A line below contains "祝各位老师教师节快乐！", and a later one contains "建筑工程预算资料全套范本". Repeat both, with every line between them, exactly.

Dataset excerpts
------------
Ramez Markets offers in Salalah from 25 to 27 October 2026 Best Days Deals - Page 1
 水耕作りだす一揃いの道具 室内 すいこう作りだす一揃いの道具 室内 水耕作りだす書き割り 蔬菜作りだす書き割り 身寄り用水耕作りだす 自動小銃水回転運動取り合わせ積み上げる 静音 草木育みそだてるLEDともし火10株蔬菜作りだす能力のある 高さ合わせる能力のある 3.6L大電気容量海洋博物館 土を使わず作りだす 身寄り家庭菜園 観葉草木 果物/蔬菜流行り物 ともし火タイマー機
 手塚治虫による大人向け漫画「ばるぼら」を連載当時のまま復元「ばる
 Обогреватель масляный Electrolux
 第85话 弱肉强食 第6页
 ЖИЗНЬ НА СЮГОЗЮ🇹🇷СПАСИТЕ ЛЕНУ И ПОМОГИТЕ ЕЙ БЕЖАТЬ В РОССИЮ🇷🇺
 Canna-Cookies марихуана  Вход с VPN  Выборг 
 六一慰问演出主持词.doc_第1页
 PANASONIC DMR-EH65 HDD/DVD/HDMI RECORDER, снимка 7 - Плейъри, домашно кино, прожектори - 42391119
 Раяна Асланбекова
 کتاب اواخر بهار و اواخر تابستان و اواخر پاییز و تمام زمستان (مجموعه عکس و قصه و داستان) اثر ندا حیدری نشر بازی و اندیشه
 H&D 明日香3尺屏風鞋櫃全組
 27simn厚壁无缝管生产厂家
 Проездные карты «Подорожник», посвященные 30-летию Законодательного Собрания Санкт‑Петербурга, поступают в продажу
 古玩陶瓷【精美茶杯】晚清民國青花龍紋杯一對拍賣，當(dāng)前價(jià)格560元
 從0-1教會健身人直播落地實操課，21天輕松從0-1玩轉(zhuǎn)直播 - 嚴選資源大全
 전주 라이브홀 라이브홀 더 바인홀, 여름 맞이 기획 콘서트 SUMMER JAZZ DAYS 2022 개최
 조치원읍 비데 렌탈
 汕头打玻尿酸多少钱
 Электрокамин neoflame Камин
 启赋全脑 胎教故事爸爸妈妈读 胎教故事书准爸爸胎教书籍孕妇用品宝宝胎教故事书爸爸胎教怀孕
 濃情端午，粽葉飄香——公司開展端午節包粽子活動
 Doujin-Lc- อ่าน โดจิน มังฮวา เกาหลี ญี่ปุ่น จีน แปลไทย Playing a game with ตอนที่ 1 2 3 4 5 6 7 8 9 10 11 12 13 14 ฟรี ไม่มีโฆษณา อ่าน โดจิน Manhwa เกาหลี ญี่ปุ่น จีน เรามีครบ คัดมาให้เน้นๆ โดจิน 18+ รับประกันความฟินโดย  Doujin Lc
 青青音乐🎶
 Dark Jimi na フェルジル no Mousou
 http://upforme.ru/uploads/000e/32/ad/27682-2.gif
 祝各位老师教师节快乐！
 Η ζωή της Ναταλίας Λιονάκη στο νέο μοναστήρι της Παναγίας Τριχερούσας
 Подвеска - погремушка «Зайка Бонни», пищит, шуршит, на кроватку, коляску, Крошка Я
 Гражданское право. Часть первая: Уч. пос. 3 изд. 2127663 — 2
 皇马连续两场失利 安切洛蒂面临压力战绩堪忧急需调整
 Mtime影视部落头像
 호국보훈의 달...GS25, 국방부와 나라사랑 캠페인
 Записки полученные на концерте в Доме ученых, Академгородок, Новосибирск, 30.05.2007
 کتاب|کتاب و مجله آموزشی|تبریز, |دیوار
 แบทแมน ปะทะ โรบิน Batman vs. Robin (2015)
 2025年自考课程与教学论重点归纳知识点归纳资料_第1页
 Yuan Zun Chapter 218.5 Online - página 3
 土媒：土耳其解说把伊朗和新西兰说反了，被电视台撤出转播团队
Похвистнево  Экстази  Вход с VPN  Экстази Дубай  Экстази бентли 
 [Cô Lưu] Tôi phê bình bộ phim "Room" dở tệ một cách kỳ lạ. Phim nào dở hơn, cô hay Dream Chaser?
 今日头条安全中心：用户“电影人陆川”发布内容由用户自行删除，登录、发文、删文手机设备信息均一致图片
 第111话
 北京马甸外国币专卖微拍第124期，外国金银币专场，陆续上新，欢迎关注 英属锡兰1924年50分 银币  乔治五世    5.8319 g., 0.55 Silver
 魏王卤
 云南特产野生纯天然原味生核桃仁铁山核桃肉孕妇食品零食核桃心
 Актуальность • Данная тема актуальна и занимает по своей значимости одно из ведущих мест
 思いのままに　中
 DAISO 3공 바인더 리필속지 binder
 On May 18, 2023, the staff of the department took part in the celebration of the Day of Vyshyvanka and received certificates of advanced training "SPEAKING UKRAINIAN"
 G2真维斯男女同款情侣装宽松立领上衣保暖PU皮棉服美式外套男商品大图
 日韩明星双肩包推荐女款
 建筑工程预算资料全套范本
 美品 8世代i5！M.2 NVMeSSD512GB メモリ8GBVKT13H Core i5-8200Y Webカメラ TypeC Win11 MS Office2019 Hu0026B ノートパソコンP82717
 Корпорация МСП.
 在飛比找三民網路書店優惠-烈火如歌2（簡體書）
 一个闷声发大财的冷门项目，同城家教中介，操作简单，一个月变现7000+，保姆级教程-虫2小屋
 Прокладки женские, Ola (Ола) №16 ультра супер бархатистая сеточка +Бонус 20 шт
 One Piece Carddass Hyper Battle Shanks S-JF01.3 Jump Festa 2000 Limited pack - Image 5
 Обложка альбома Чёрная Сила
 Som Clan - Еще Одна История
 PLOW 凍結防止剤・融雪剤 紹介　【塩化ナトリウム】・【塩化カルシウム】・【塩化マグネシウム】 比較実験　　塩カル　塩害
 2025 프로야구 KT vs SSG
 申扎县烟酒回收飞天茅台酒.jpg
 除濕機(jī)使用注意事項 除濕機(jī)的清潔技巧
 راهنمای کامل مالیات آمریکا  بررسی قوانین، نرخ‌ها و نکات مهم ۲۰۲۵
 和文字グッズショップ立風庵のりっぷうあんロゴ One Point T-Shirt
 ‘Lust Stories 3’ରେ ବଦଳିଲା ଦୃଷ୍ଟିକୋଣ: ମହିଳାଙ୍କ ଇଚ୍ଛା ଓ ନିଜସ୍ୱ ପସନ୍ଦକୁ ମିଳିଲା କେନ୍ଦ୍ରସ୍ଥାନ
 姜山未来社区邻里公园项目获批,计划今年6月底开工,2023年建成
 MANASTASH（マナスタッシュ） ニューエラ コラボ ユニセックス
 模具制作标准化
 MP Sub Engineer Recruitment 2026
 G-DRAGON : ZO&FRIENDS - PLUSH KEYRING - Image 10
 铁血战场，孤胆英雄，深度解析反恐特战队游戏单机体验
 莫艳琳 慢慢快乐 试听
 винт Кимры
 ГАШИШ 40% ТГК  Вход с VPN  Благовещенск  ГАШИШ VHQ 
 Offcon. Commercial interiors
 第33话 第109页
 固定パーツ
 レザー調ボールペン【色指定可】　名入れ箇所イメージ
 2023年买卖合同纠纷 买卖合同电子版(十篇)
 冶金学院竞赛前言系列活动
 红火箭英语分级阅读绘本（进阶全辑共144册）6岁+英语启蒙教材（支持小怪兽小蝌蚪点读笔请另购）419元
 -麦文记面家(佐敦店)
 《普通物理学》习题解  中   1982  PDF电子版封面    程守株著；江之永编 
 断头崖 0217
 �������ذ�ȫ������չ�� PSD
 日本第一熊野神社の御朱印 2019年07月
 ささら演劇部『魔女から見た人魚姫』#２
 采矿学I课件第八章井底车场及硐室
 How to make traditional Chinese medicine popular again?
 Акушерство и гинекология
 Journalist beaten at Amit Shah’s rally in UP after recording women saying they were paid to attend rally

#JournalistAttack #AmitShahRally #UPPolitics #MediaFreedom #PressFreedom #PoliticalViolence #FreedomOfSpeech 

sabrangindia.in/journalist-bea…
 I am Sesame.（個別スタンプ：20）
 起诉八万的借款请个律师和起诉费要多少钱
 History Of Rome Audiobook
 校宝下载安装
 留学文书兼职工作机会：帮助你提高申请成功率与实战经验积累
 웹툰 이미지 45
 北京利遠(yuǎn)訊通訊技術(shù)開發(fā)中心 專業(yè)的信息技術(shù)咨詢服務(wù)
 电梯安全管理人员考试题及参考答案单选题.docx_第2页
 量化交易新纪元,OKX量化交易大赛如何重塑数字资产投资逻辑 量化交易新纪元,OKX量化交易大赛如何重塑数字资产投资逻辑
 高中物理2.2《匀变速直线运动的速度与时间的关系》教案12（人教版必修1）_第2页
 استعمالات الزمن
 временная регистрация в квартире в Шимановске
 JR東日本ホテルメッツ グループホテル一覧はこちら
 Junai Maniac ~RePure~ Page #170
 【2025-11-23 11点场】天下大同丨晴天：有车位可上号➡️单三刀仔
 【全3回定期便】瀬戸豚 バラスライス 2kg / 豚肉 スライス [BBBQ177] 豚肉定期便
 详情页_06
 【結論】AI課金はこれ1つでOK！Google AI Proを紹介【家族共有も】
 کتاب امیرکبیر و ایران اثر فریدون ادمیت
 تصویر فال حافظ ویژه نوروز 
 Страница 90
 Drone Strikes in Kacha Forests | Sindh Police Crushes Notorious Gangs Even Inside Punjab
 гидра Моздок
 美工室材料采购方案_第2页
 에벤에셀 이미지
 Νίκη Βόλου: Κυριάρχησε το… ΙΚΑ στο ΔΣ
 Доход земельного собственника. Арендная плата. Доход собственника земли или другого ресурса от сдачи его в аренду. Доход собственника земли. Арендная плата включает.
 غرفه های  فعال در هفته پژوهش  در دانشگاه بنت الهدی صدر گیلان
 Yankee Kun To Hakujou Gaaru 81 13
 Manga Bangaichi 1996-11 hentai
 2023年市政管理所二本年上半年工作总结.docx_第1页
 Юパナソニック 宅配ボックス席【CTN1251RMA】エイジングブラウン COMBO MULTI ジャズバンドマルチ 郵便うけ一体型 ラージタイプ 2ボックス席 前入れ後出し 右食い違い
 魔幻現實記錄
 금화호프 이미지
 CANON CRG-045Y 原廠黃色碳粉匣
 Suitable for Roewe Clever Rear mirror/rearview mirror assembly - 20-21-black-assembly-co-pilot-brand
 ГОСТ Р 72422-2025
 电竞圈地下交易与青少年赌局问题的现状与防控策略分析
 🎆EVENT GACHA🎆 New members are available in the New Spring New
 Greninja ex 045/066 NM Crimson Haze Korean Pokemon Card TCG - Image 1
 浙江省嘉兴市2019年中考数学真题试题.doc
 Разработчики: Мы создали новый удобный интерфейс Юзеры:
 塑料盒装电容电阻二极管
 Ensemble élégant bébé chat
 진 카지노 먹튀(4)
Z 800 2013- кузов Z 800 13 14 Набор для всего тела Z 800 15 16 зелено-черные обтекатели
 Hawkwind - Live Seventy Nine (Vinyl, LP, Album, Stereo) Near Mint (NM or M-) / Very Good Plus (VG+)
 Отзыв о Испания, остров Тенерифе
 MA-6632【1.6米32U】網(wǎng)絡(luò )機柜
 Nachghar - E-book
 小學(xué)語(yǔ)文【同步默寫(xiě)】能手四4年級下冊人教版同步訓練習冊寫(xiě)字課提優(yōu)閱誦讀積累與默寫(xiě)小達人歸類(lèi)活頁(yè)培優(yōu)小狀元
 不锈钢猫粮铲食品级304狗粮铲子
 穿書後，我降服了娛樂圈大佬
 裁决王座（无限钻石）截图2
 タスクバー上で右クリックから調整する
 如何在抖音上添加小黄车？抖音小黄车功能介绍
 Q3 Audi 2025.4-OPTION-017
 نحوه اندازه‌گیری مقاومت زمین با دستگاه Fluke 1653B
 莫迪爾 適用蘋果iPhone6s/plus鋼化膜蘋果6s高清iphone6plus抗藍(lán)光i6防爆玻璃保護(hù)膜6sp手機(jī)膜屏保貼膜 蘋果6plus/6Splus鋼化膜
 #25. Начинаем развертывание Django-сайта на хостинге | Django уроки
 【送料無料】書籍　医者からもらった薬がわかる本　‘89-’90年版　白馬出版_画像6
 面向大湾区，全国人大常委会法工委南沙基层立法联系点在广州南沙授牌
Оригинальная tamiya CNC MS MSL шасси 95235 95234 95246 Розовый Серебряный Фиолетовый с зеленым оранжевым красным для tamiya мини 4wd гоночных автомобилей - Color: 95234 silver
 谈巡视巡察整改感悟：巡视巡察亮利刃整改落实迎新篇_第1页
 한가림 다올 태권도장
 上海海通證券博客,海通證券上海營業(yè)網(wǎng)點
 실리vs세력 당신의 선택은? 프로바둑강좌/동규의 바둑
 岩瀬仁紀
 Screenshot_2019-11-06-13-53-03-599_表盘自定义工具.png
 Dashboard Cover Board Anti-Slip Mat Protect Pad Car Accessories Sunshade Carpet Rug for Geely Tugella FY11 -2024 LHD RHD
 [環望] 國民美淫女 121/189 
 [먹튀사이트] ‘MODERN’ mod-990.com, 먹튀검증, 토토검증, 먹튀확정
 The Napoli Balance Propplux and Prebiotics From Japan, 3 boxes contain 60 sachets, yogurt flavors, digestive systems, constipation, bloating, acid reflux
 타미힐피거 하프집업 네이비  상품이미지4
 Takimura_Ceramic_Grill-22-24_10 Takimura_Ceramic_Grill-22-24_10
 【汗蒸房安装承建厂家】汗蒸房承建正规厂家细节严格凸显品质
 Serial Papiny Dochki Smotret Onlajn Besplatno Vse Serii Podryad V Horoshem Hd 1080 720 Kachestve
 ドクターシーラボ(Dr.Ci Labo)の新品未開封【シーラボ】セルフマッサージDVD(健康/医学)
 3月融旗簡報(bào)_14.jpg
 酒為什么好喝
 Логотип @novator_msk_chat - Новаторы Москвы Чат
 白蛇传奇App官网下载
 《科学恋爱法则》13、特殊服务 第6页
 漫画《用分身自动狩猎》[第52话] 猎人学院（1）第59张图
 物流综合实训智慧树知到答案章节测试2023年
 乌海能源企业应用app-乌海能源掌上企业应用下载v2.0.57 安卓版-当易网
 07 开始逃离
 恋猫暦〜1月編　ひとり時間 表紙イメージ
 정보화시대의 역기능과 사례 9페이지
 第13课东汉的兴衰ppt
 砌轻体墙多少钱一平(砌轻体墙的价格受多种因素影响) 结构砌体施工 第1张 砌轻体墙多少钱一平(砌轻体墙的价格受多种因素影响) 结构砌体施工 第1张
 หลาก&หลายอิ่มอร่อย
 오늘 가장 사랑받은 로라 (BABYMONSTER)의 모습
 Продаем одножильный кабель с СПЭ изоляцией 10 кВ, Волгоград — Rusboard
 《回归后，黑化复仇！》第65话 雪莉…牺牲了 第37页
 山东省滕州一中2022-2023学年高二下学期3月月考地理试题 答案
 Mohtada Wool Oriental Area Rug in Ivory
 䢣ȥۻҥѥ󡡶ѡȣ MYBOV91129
------------
#### PROBLEM SOLUTION
 祝各位老师教师节快乐！
 Η ζωή της Ναταλίας Λιονάκη στο νέο μοναστήρι της Παναγίας Τριχερούσας
 Подвеска - погремушка «Зайка Бонни», пищит, шуршит, на кроватку, коляску, Крошка Я
 Гражданское право. Часть первая: Уч. пос. 3 изд. 2127663 — 2
 皇马连续两场失利 安切洛蒂面临压力战绩堪忧急需调整
 Mtime影视部落头像
 호국보훈의 달...GS25, 국방부와 나라사랑 캠페인
 Записки полученные на концерте в Доме ученых, Академгородок, Новосибирск, 30.05.2007
 کتاب|کتاب و مجله آموزشی|تبریز, |دیوار
 แบทแมน ปะทะ โรบิน Batman vs. Robin (2015)
 2025年自考课程与教学论重点归纳知识点归纳资料_第1页
 Yuan Zun Chapter 218.5 Online - página 3
 土媒：土耳其解说把伊朗和新西兰说反了，被电视台撤出转播团队
Похвистнево  Экстази  Вход с VPN  Экстази Дубай  Экстази бентли 
 [Cô Lưu] Tôi phê bình bộ phim "Room" dở tệ một cách kỳ lạ. Phim nào dở hơn, cô hay Dream Chaser?
 今日头条安全中心：用户“电影人陆川”发布内容由用户自行删除，登录、发文、删文手机设备信息均一致图片
 第111话
 北京马甸外国币专卖微拍第124期，外国金银币专场，陆续上新，欢迎关注 英属锡兰1924年50分 银币  乔治五世    5.8319 g., 0.55 Silver
 魏王卤
 云南特产野生纯天然原味生核桃仁铁山核桃肉孕妇食品零食核桃心
 Актуальность • Данная тема актуальна и занимает по своей значимости одно из ведущих мест
 思いのままに　中
 DAISO 3공 바인더 리필속지 binder
 On May 18, 2023, the staff of the department took part in the celebration of the Day of Vyshyvanka and received certificates of advanced training "SPEAKING UKRAINIAN"
 G2真维斯男女同款情侣装宽松立领上衣保暖PU皮棉服美式外套男商品大图
 日韩明星双肩包推荐女款
 建筑工程预算资料全套范本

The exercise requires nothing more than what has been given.